The Pheu Thai Party announced Monday that it plans to propose property tycoon Srettha Thavisin as its candidate for the top job as part of a plan to form a new government with an 11-party coalition that includes pro-military parties affiliated with Prayuth Chan-ocha, the former army chief who seized power nine years ago.

The coalition, which is made up of 314 MPs, will still need to gain dozens of votes from other parties to secure a victory in Tuesday’s election. The Thai Constitution requires that the prime minister gets the backing of at least 375 members in a joint session of the 500-seat House of Representatives and 250-seat Senate.

Since the general election in May, Thailand has been in political limbo as it struggled to appoint new prime minister. Last month, Pita Limjaroenrat, the leader of the Move Forward Party, failed in his bid to secure enough votes to become the next premier. The progressive leader was blocked by conservative lawmakers and senators who don’t support his party’s pledge to amend a law that criminalizes criticism of Thailand’s monarchy.

Pita’s failure to win parliamentary approval despite his party winning the most seats in May’s general election stirred public discontent and triggered a series of small-scale, non-violent flash mobs by his supporters. Move Forward is popular among young Thais craving change after nine years of rule under military rule. Many Thais believe the country is stagnating due to its political paralysis.
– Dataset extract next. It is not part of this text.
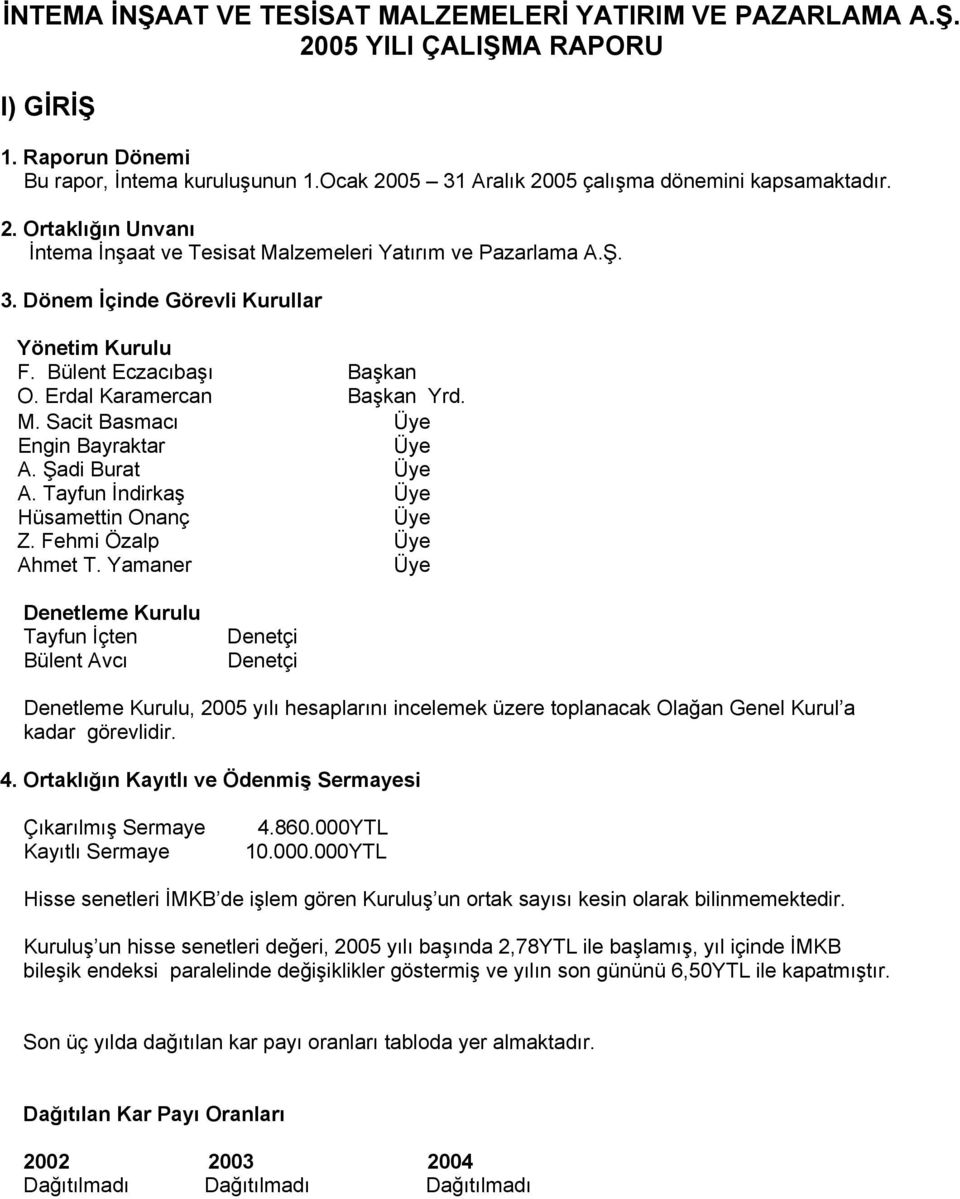 Bülent Eczacıbaşı Başkan O. Erdal Karamercan Başkan Yrd. M. Sacit Basmacı Üye Engin Bayraktar Üye A. Şadi Burat Üye A. Tayfun İndirkaş Üye Hüsamettin Onanç Üye Z. Fehmi Özalp Üye Ahmet T.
The Thai economy grew 2.2% in the first half of this year, driven mainly by tourism and private consumption following the country’s reopening after the pandemic. On Monday, the government’s think tank National Economic and Social Development Council trimmed its economic growth forecast to 2.5%-3.0% from 2.7%-3.7%.

Thailand’s benchmark SET Index gained 0.4% on Monday close at 1,525.85 in anticipation parliament would be successful in selecting a new prime minister. However, the index is still down 9% this year amid rising interest rates and concerns over the country’s political uncertainty.

“Market participants are focusing mainly on the PM selection. A successful nomination could ignite positive reaction on optimism that political vacuum will soon end. However, any gain may not be sustainable as there still are many uncertainties and challenges ahead,” said Kobsidthi Silpachai, Head of Capital Markets Research at Kasikornbank.